Caching stats update
A few weeks ago I had discovered that caching wasn’t actually being used most of the time, and took some stats snapshots for future comparison.
A few weeks ago I had discovered that caching wasn’t actually being used most of the time, and took some stats snapshots for future comparison.
Now that Publ has been running with correct caching for a while, let’s see how things have changed!
Caveats
These stats are based on overall site usage, so it includes both manual browsing and also search crawlers and feed readers and the like. Simply looking at the cache statistics doesn’t paint a very clear picture of the actual performance improvements; in the stats, 10 users being able to quickly load a fresh blog entry quickly will be far overshadowed by a single search engine spidering the entire website and thrashing the cache, but those 10 users are, to me, far more important.
Measurements
Throughput
Here’s a measurement of how much traffic the cache actually sees:
The first graph shows that before I fixed the caching, very little was being written to the cache, but the amount being read from it was pretty steady. As soon as the fix was made and the cache was being written to, amazingly enough it started actually receiving traffic. In the initial spike of activity, the read and write rate were about the same, which seems plausible for a cache that’s being filled in with a relatively low hit rate. There’s a steady read rate of around 40K/second and a steady write rate of around 8K/sec – most of that being internal routines that were being written to the cache, uselessly.

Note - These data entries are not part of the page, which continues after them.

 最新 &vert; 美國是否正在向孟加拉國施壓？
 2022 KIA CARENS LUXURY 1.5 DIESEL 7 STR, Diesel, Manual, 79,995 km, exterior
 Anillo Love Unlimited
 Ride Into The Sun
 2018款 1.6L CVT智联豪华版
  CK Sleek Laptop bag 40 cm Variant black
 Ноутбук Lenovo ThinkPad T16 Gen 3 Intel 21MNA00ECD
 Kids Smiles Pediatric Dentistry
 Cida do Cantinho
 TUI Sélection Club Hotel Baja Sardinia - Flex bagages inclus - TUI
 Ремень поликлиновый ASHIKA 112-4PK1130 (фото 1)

The second graph (post-fix) shows a cache that’s actually being actively used. There’s an average write rate of 12K/sec, and a read rate of 17K/sec. There are also several write spikes at around 25K/sec, which I am suspecting are due to search crawler traffic.
Allocation
This is where things get a bit more useful to look at – how much stuff is actively being held in the cache?

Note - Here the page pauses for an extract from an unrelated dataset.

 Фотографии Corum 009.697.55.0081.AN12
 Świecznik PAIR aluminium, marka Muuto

Before the cache fix, the answer to that was, “Not much.” The cache was averaging a size of a mere 868KB, and after I flipped the caching fix over, it jumped up considerably. During my testing of the fix, the size would spike up substantially and then drop down as cache items got evicted.
After the cache fix, the allocation went way up. It never went below 2MB, and during the write spikes it would jump up to 7MB or so. This is still far short of the 64MB I have allocated for the cache process.
Commands/results
Here’s what is actually happening in terms of the cache hits and misses:
Before, the graph shows an average of 44 hits per second, and .63 misses per second. The GET and SET rates are (unsurprisingly) more or less the same.

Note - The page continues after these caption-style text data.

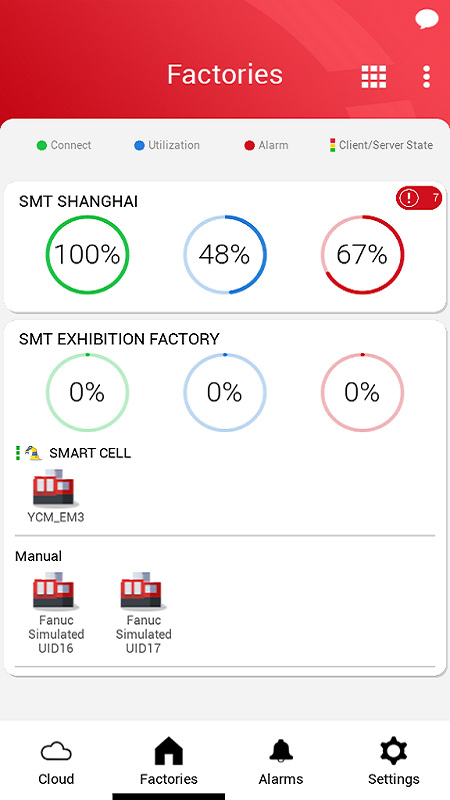 精彩截图-数字孪生移动应用2026官方新版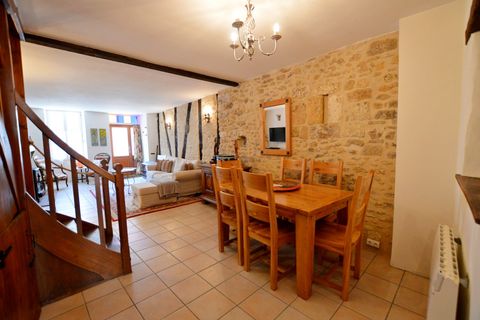 Landsbyhus i Duras, Lot-et-Garonne, Duras - € 249.500 | Ref: D4919 - foto 10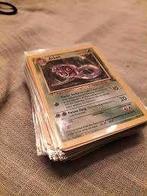 Gezocht Pokémon Kaarten (zie beschrijving), Hobby en Vrije tijd, Verzamelkaartspellen | Pokémon, Ophalen of Verzenden, Zo goed als nieuw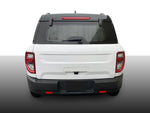 Tailgate Sunshade for 2021-2025 Ford Bronco Sport SUV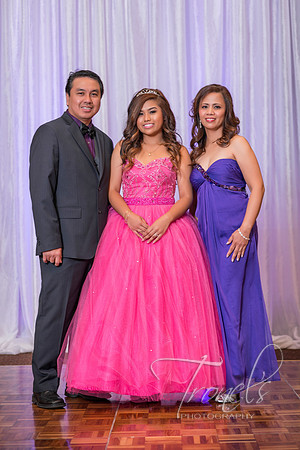 Fionna Finelli 18th Birthday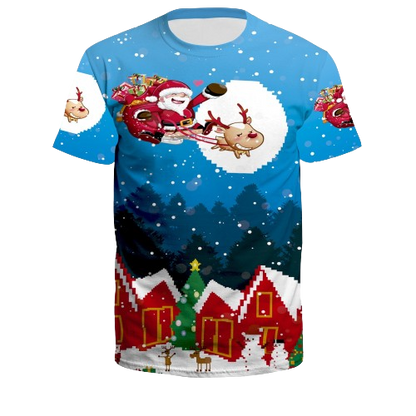 Christmas T Shirt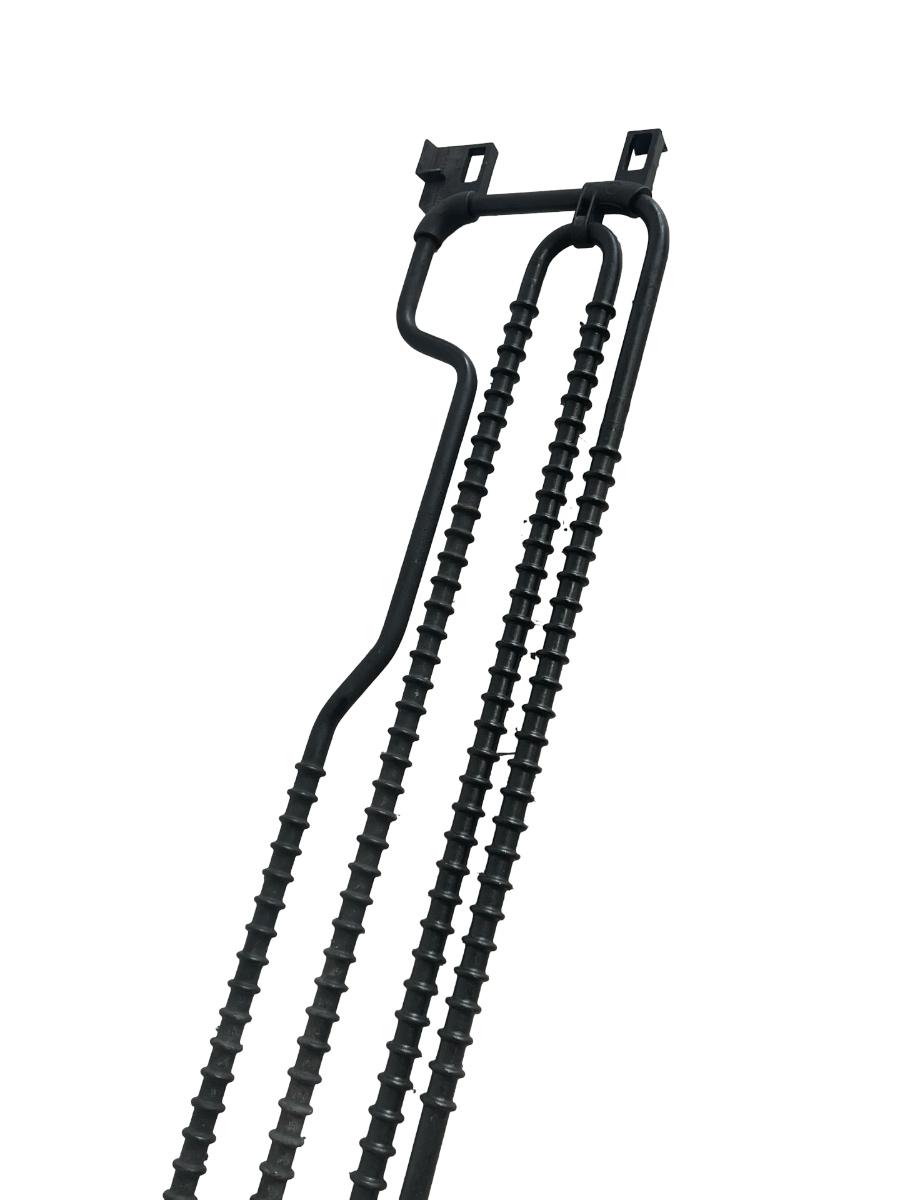 Conducta racire ulei servodirectie MERCEDES-BENZ E-CLASS W212 2009 -> 2.1 E 220 BlueTEC OM 651.924 – foto 2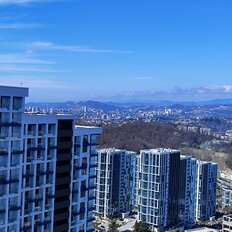 Квартира 17 м², студия - изображение 2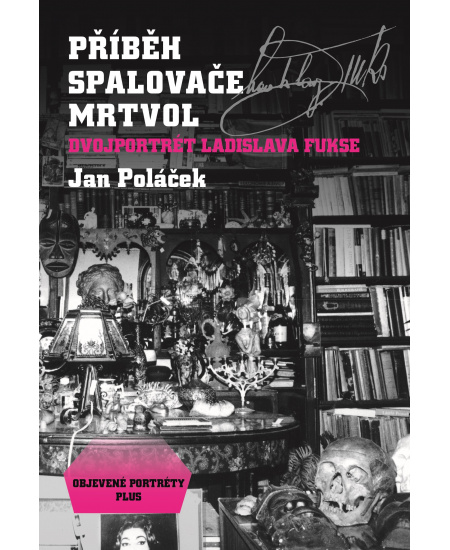 Příběh spalovače mrtvol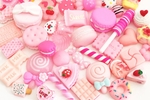 Surprise me with sweets🍭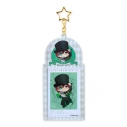 【グッズ-カードケース】劇場版 うたの☆プリンスさまっ♪ TABOO NIGHT XXXX ぷくぷくマルチカードケース 寿 嶺二の画像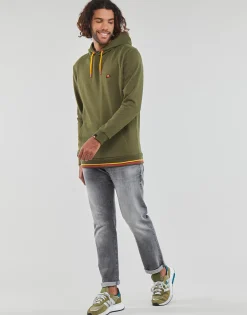 Ellesse - KODA HOODY Kaki Sale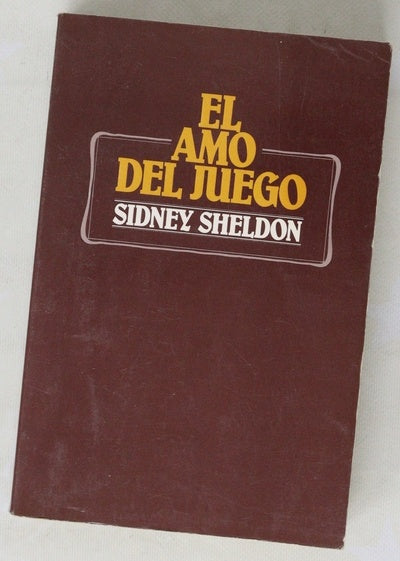 El amo del juego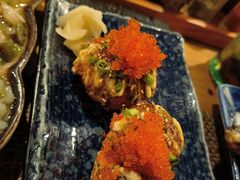 -半藏居酒屋(香港花园店)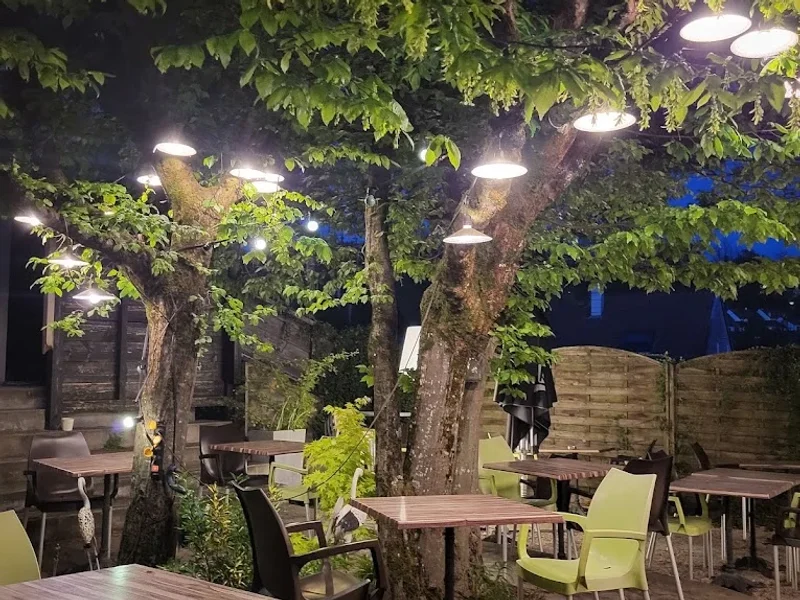 Café Vaîtes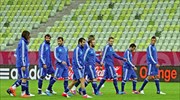 Παραμένει 11η η εθνική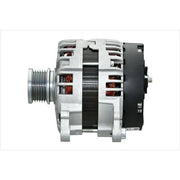 Hella Car Alternator 12V fits Audi A4 Allroad B8 2009-2016 2.0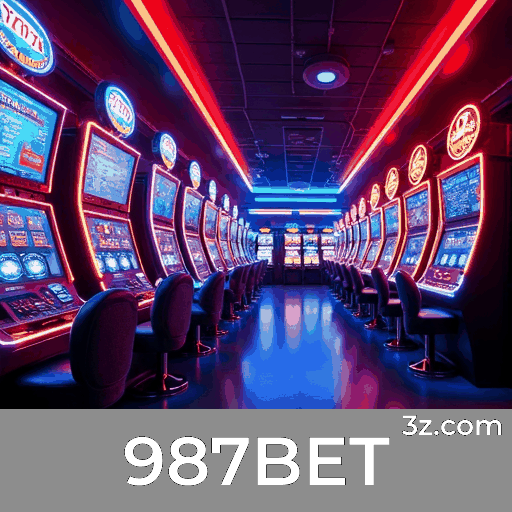987BET: Jogos de Cassino que Transformam Sua Experiência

After, we see much more interesting patterns – and not in a good way. It’s averaging only 13 hits per second, and .8 misses per second, but that’s an average. Eyeballing the graph it looks like the miss rate spikes at about the same time as the incoming traffic spikes, and outside of those spikes the hit rate is around 13 and the miss rate is… too small to reasonably estimate.
Page load time
Also when I made the change I also started monitoring the load time of a handful of URLs, which is interesting:
What’s interesting about these graphs is that Munin loads those URLs once every 5 minutes – which happens to be the cache timeout, and so that does a lot to explain the rather chaotic nature of the load time graph, especially on the Atom feed (minimum of 113ms, maximum of 45 seconds, average of 12 seconds). The Atom feed is probably the most loadtime-intense page on my entire website, and would most strongly benefit from caching. This graph tells me that based on the average vs. max times, the Atom feed is getting a hit rate of around 25%. That isn’t great.
Conclusions
Aggregate memcached stats aren’t really that useful for determining cache performance at this scale.
More to the point, the cache as currently configured probably isn’t really making much of a difference. Items are falling out of the cache before they’re really being reused.
Next steps
It’s worth noting that the default memcached expiry time is 5 minutes (which also happens to be how I had my sites configured), which feels like a good tradeoff between content staleness and performance optimization. However, Publ soft-expires all cached items when there’s a content change, so the only things that should linger with a longer expiry time are things like the “5 minutes ago” human-readable times on entries, which really don’t matter if they’re outdated.
As an experiment I will try increasing the cache timeout to an hour on all of my sites and see what effect that has. My hypothesis is that the allocation size and hit rate will both go up substantially, and the average page load time will go way down, with (much smaller) hourly spikes and otherwise a very fast page load (except for when I’m making content changes, of course).
I’m also tempted to try setting the default expiry to 0 – as in, never expire, only evict – and see what effect that has on performance. I probably won’t, though – it would have an odd effect on the display of humanized time intervals and make that way too nondeterministic for my taste.
Update: Initial results
Even after just a few hours it becomes pretty obvious what effect this change had:
The actual effect is a bit surprising, though; I would have expected the quiescent RAM allocation to be closer to the peak, and for the incoming (SET
) traffic to be spikier after that as well. I wonder if improved site performance caused a malfunctioning spider to stop hammering my site quite so much, or something. I do know there are a bunch of spiders that have historically been pretty aggressive.
Of course the most important metric – page load time – has ended up exactly as I expected, with it dropping to an average of 2ms for everything and it only being that high because of hourly spikes. I guess the fact Munin is the still seeing the spikes means that Munin is keeping my cache warm (for a handful of pages), so, thanks Munin!
Maybe I should set the cache expiration to a prime number so that it is less likely to be touched on an exact 5-minute interval.